Functional Benefits of Plant Life

An image of a public plaza with a large fountain, garden, and a tall statue of a man
Choosing the right plants can enhance the aesthetics and function of a public space.

There are functional benefits to consider when choosing which varieties of to use in your planter bollards. Color may be your primary concern if you’re seeking to enhance the visual appeal of the area, it’s worth considering some of the functional advantages that plants offer. While you aren’t likely to plant a community vegetable garden across a row of bollards, you may be looking to contribute to the conservation of the bee population, which is rapidly declining. Alternatively, you might be looking to contribute to the reduction in greenhouse gases. For the former, you want to look for flowers with a high pollen content, preferably of the local variety.
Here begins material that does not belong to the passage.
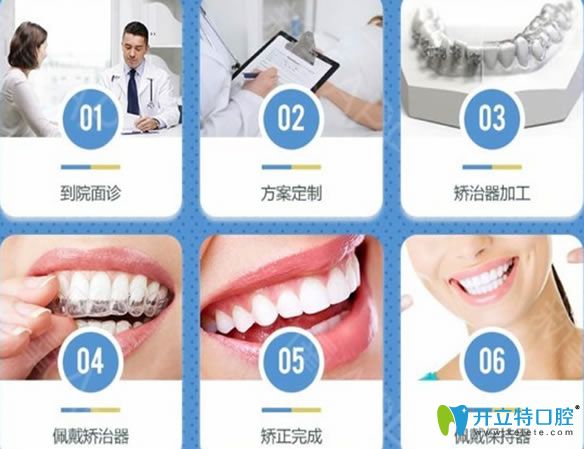 <!--<i data=20240703-sp></i>-->牙齒矯正流程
For the latter, it’s critical to select plant species that have a higher carbon dioxide absorption rate. By choosing plants that fulfil a variety of purposes, you can create a beautiful and eco-friendly space that supports biodiversity, contributes to environmental sustainability, and attracts and retains visitors.

Perennials or Annuals

Perennial and annual plants have different life cycles and characteristics, which have an impact on nearly every other consideration in the list. It’s best to choose your plants based on your specific needs while using the pros and cons listed below as a reference.




  • Longevity. Perennials live for multiple seasons when maintained properly, which avoids yearly replanting.
  • Many perennials require less watering and fertilization once they have been established.
  • Perennials often require multiple seasons of growth to reach their full size and flowering potential. They might not have the visual impact you desire for some time.
  • Shorter bloom time. Many perennials have a shorter blooming season so they may not provide as much continuous color for your space.
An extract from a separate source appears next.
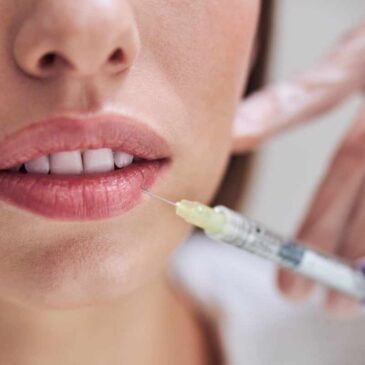 Fillers con Ácido Hialurónico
  • Annual plants have a lot of work to do in a short amount of time. They grow and flower quickly, having a much faster impact on the landscape.
  • Most annual plants have a much longer bloom period, providing continuous color to your space throughout the growing season.
  • Annual plants die at the end of the season and will need to be replanted every year, adding to maintenance costs.
  • Annual plants require more frequent watering and fertilization due to their rapid growth.
  • Because annuals are seasonal, they provide less environmental benefit and may leave spaces feeling empty during the off-season.